• What is being asked
First find the line with "Juego NEEDY GIRL", then reproduce it and all following lines of the data to the end, exactly and with no pictures, adding nothing.

[[ Data shown, beginning ]]

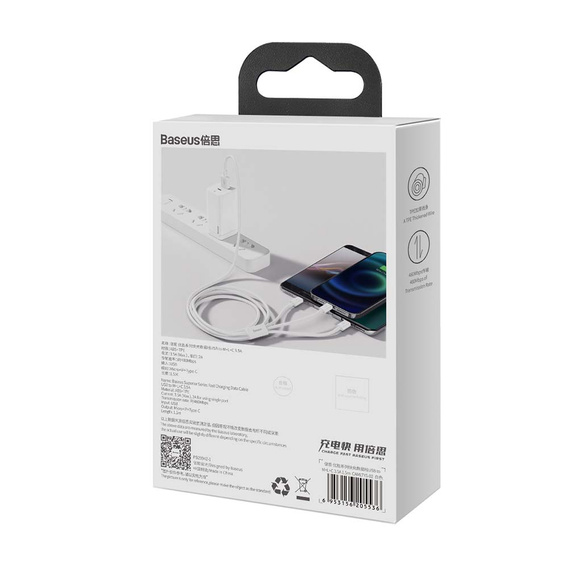 Baseus kabel 3w1 Superior 1,5 m USB-Lightning-USB-C-Micro USB - Biały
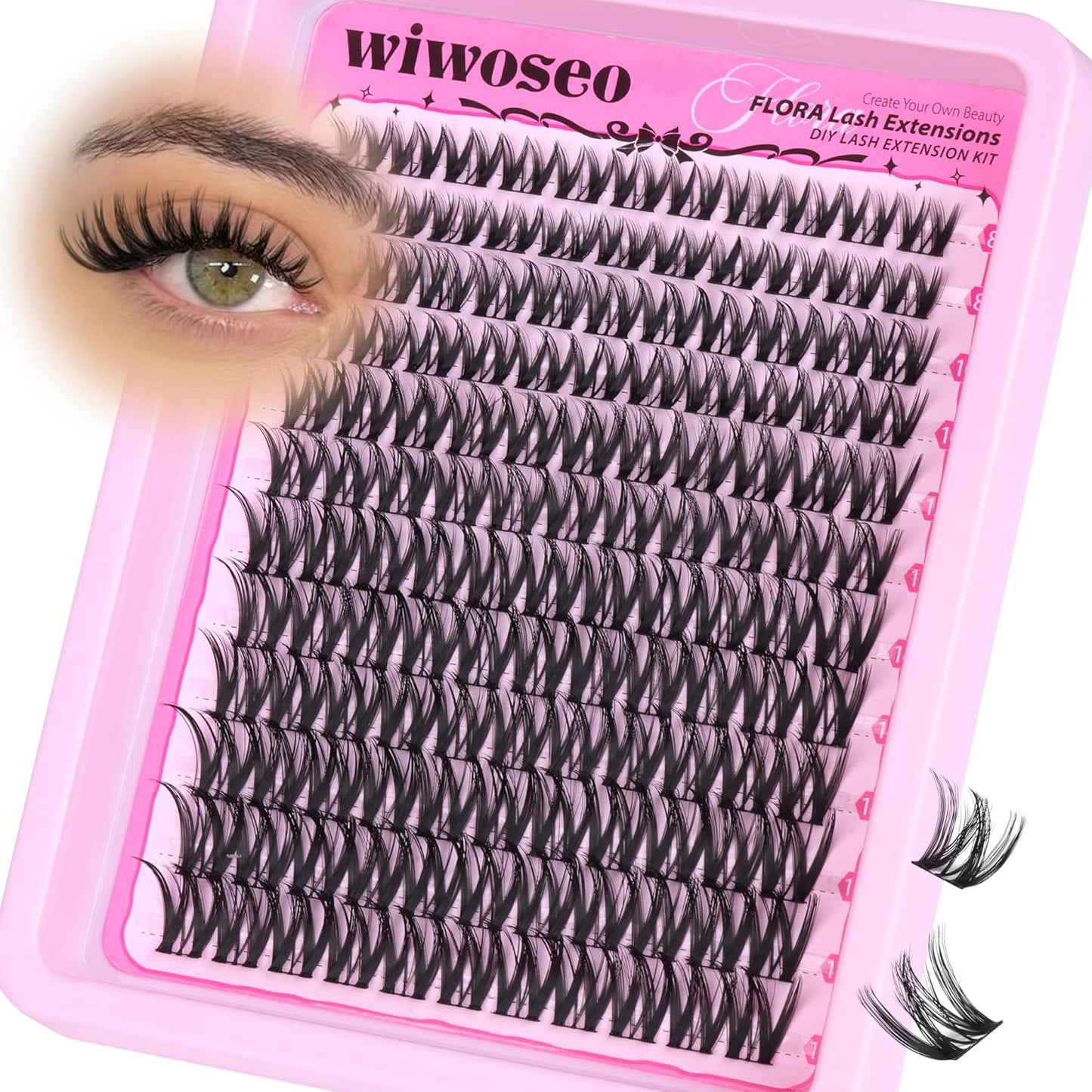 Flora Lash Clusters - Wispy D Curly Eyelash Extensions | Spiky Cat Eye Individual Lashes (8-16MM)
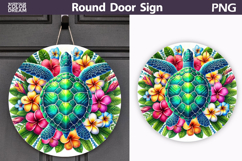 Tropical Turtle Floral Door Sign | Beach Decor Product Image 1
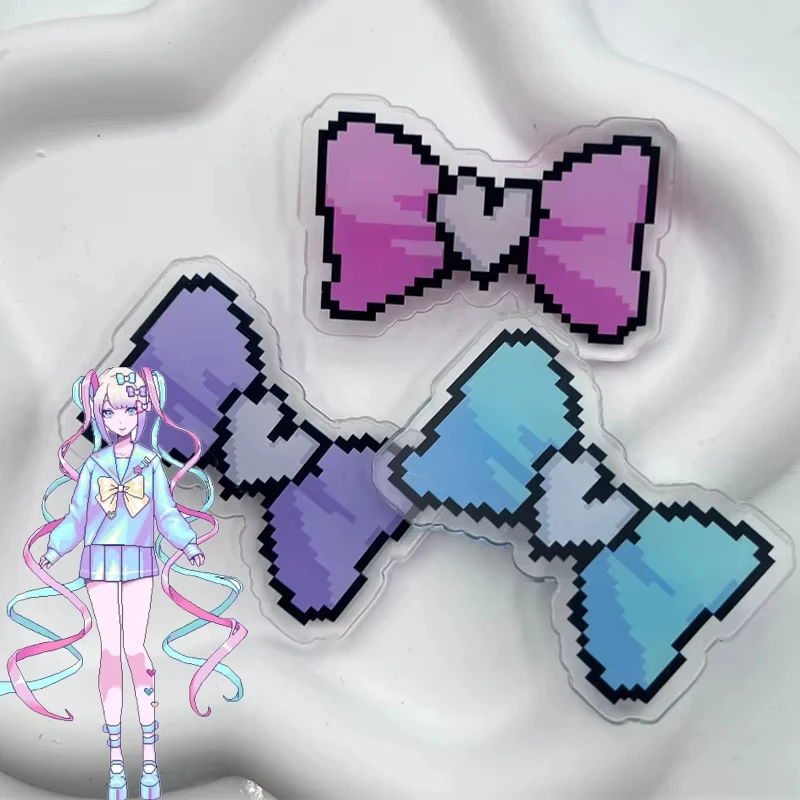 Juego NEEDY GIRL OVERDOSE KAnge Ame Rain Cosplay horquillas pajarita colorida horquillas acrílicas joyería 3 unids/set accesorios para la cabeza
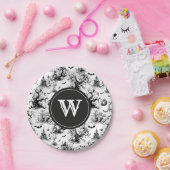 Schwarz-Weiß-Halloween-Monogramm Pappteller (Party)
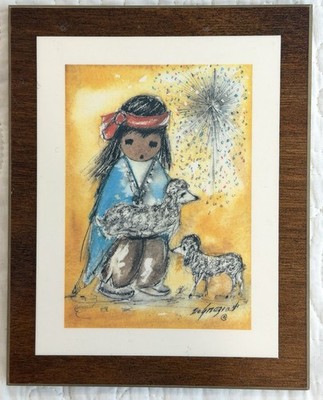 Ted Degrazia Two Little Lambs Wood Plague Art Southwestern Wall Decor 7x5.5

[[ Data shown, end ]]

• Result of the exercise
 Juego NEEDY GIRL OVERDOSE KAnge Ame Rain Cosplay horquillas pajarita colorida horquillas acrílicas joyería 3 unids/set accesorios para la cabeza
 Schwarz-Weiß-Halloween-Monogramm Pappteller (Party)
 Ted Degrazia Two Little Lambs Wood Plague Art Southwestern Wall Decor 7x5.5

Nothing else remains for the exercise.